Hello everyone :evilgrin:,
I’m finishing an article about OSS (including Blender) for SM network which should soon be published, and I wonder if you can help me to find out someone who’ll agree to contribute couple of works for the purpose, with the relevant links and credits to the author.
I couldn’t find anything in the gallery which says that the images can be used for commercial purposes.
If you’re interested, please drop me a line to my email.
It sounds like what you’re asking for is not creative commons work specifically, but just permission from some artists to use their work for a commercial purpose.
You’ll probably have more luck if you find some artists who’s work you like and approach them directly. Ask around!
Know your foe
It´s really just courtesy to ask the author for commercial usage if he didn´t license with -NC
Unless it´s CC-NC you can ALWAYS use it commercially:
CC 3.0 basically always is -BY so you got to name the author though.
If its CC-BY-ND it might be a problem if you crop, scale or resize it. Not sure for this
-BY (by <name>)
-SA (share alike)
-ND (no derivatives)
The main problem is no one properly licenses his images and if it isn´t stated somewhere the artists copyright always takes effect. And beyond that, a minority knows what the license types mean (generally speaking, not aiming at OP)
@Rocketman I’ll take this advise and will contact personally.
@arexma thanks for the info!
“Asking permission” is always the right thing to do, and you should do so in a way that documents the fact that you did so, and exactly when and how. “Pay attention even to trifles” with regards to proper copyright-notice and attribution requirements. Then, if someone happens to order you to “cease and desist” (and you, of course, promptly do so…) your asterisk is covered. You can prove, should you ever need to, that: you did the right things, in all the right ways, that you were both knowledgeable and respectful of copyrights, and that the copyright holder in question is simply an asteriskhole.

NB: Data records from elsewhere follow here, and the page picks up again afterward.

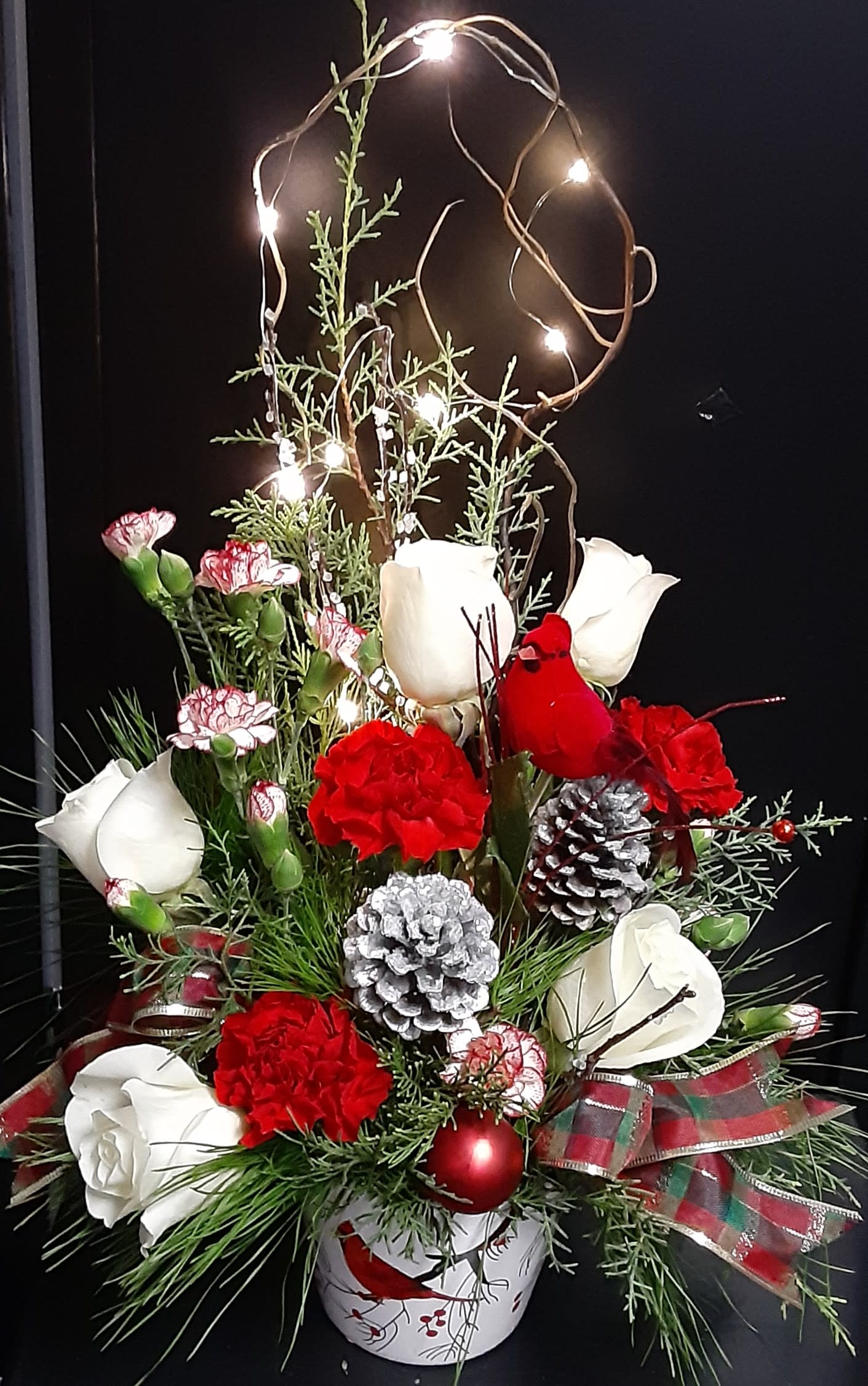 Light Up Christmas!**CONTAINER IS SOLD OUT - Beautiful Christmas lights spread holiday joy far and wide!   Light up Christmas with this bouquet of red and white, roses and carnations, hand-crafted by one of our professional designers and delivered to your loved one.   Order now. Spread Christmas cheer.  Lights have a blinking or solid option.  * We will substitute a red glass cylinder container! 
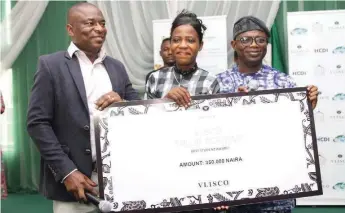  ??  ?? L-R: Vlisco Country Manager, Adebisi Adekunle, winner of Vlisco Train Academy, Grace Ogwu and Regional Coordinato­r, NEPC, Babatunde Faleke, at the closing ceremony for students trained on skills acquisitio­n in Apapa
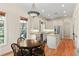 Well-lit eat-in kitchen with white cabinetry, stainless steel appliances, and charming breakfast nook at 1394 Grove Ter, Winter Park, FL 32789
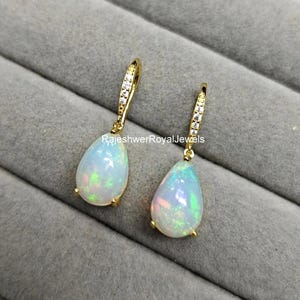 Könnte beinhalten: Ein Paar goldfarbene Ohrhänger mit tropfenförmigen Opalsteinen. Die Ohrringe haben eine kleine Reihe klarer Steine am oberen Teil. Die Opale weisen eine Mischung aus Farben auf, darunter Grün, Rosa und Blau.
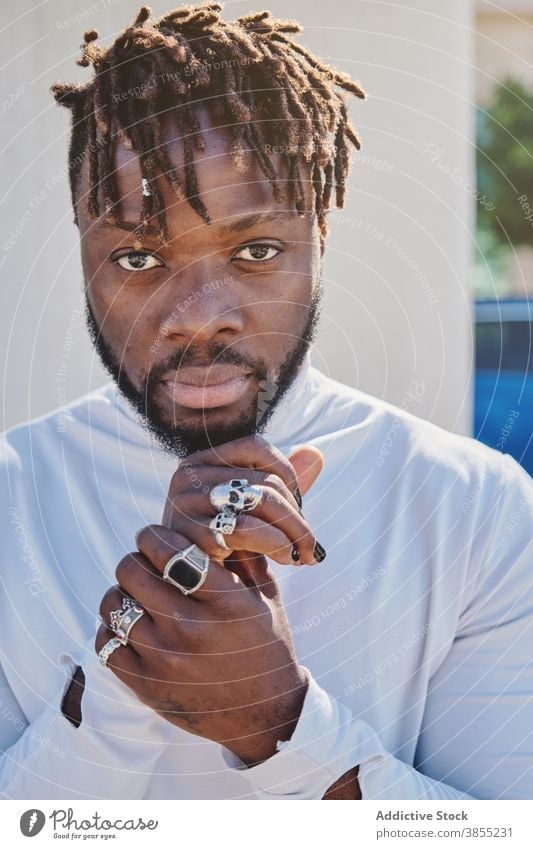 Stylish black man with unusual appearance dreadlocks manicure fancy style hairstyle ring hipster portrait male ethnic african american fashion trendy cool
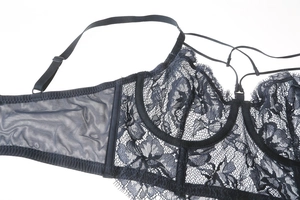 Detailed view of black lace bra with floral patterns and adjustable thin straps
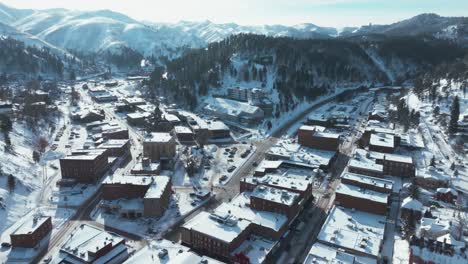 Drone-orbiting-over-Deadwood,-South-Dakota-in-winter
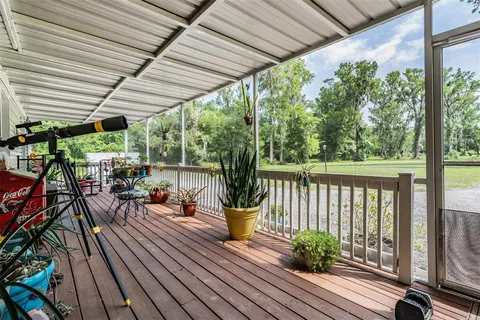 a bedroom with a bed and a large window with wooden floor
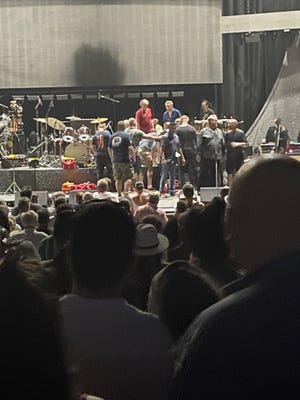Medical personnel attend to guitarist Carlos Santana after he collapsed on stage at the Pine Knob Music Theater, July 5, 2022.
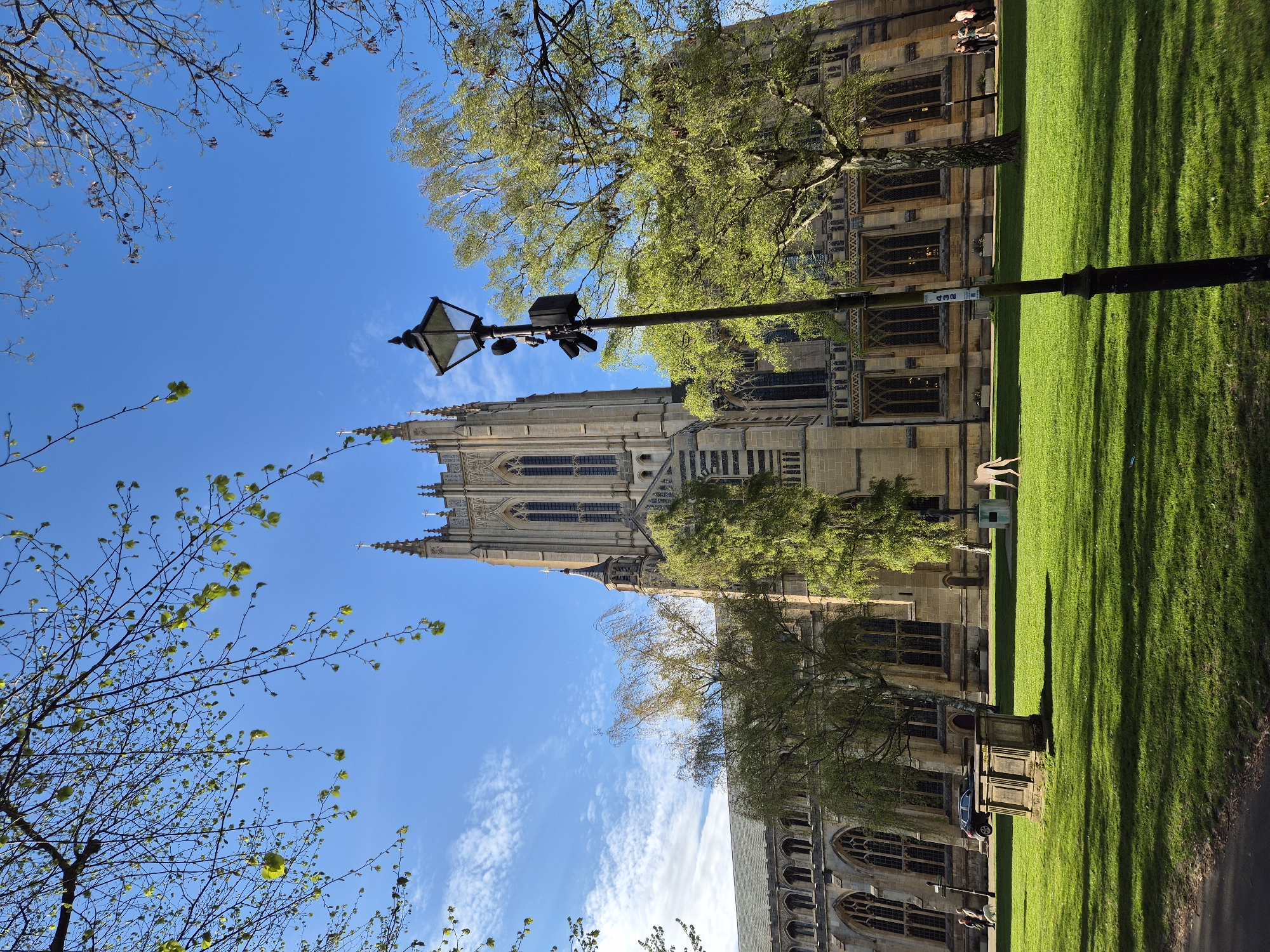 The image shows a tall, ornate cathedral in Bury St Edmunds, West Suffolk, United Kingdom, viewed from a low angle. The cathedral is made of light-colored stone and features multiple pointed spires, arched windows, and intricate architectural details. A black lamppost is centrally placed in the foreground. The cathedral is partially obscured by trees with budding green leaves. A stretch of green lawn is to the right of the building, casting long shadows from the trees. A few people are walking in front of the cathedral. The sky is blue with scattered white clouds.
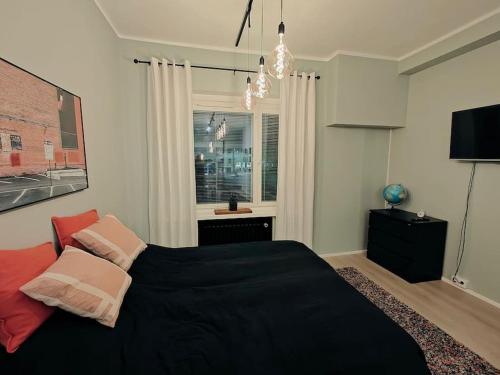 um quarto com uma cama preta e uma janela em Brooms - Newly renovated central studio apartment em Pietarsaari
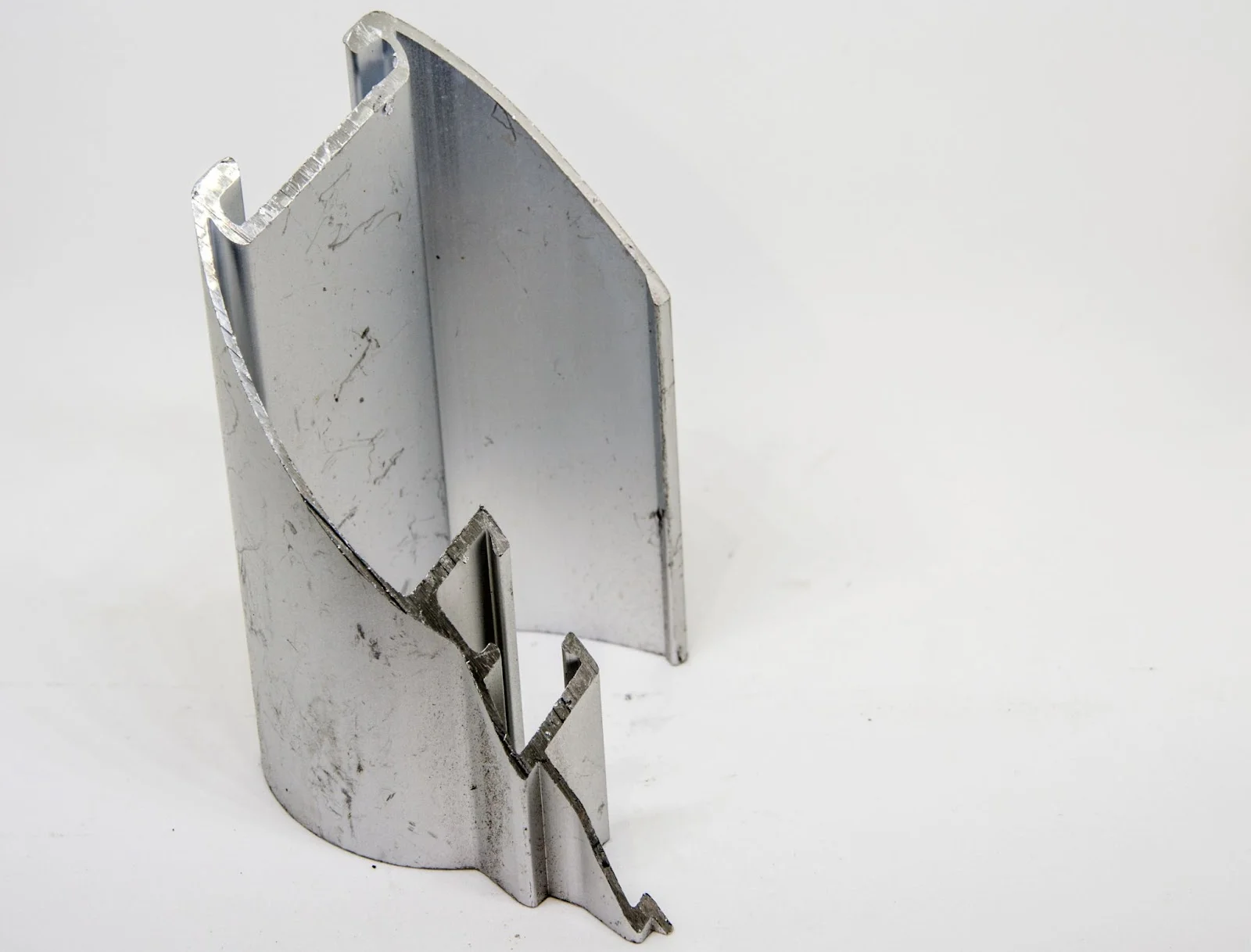 A-piece-of-scrap-6063-aluminum - Fictiv A piece of scrap 6063 aluminum extruded metal; shows formability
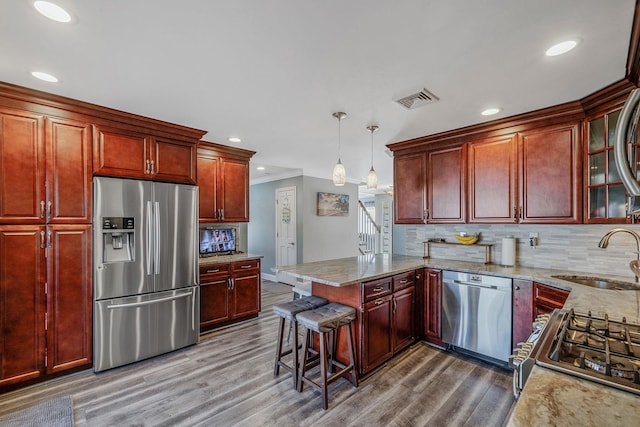 kitchen with reddish brown cabinets, visible vents, stainless steel appliances, and a sink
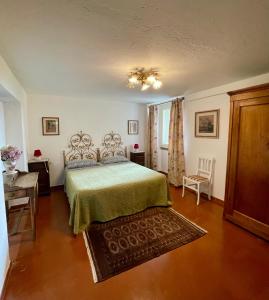 a bedroom with a bed and a table and a chair at Villa Filippo in Cerliano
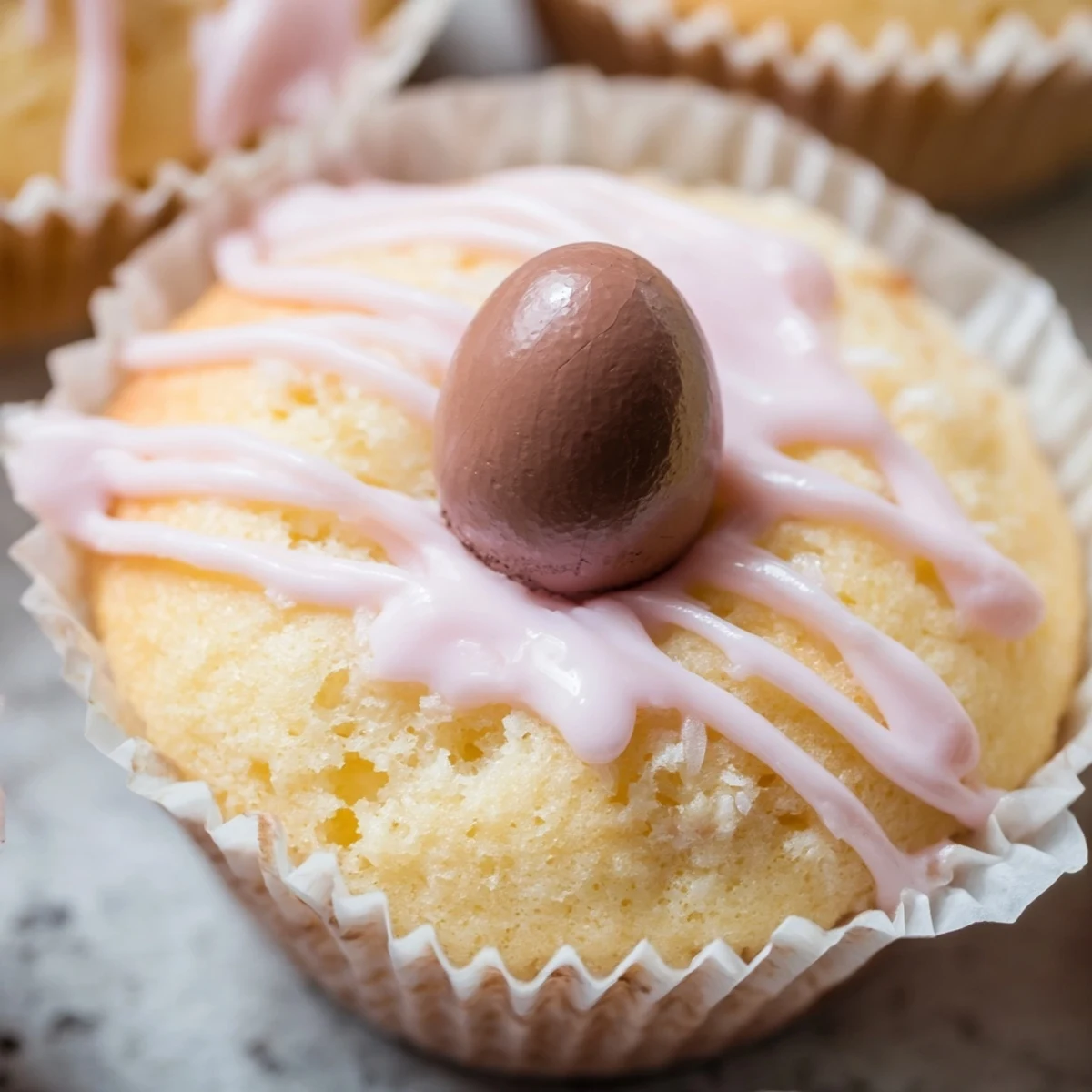 Golden mini Easter cakes topped with pastel pink icing and colorful chocolate egg decorations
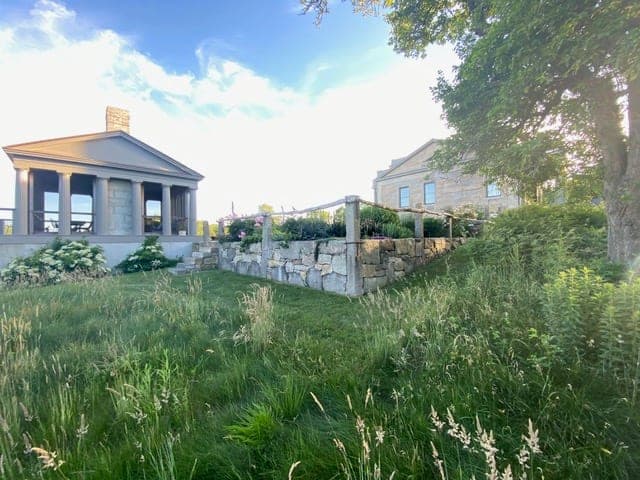 Granite Terraces — granite walls terracing the slope below the house in Westport, MA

I did that fifteen years ago with regard to a software product that I (still…) sell. The vendor’s wording about a particular software component library was not 100%-crystal, and I was, after all, planning to sell something, so I picked up the phone and called their legal department. After they picked themselves up off the floor, they quickly said, “sure, it’s okay.” I asked them to send me a letter on their letterhead to that effect, and they quickly did so. I filed the letter away. In the next release of the product, the legalese had been clarified. It really caught them by surprise that I had bothered to ask. But it was a good kind of surprise.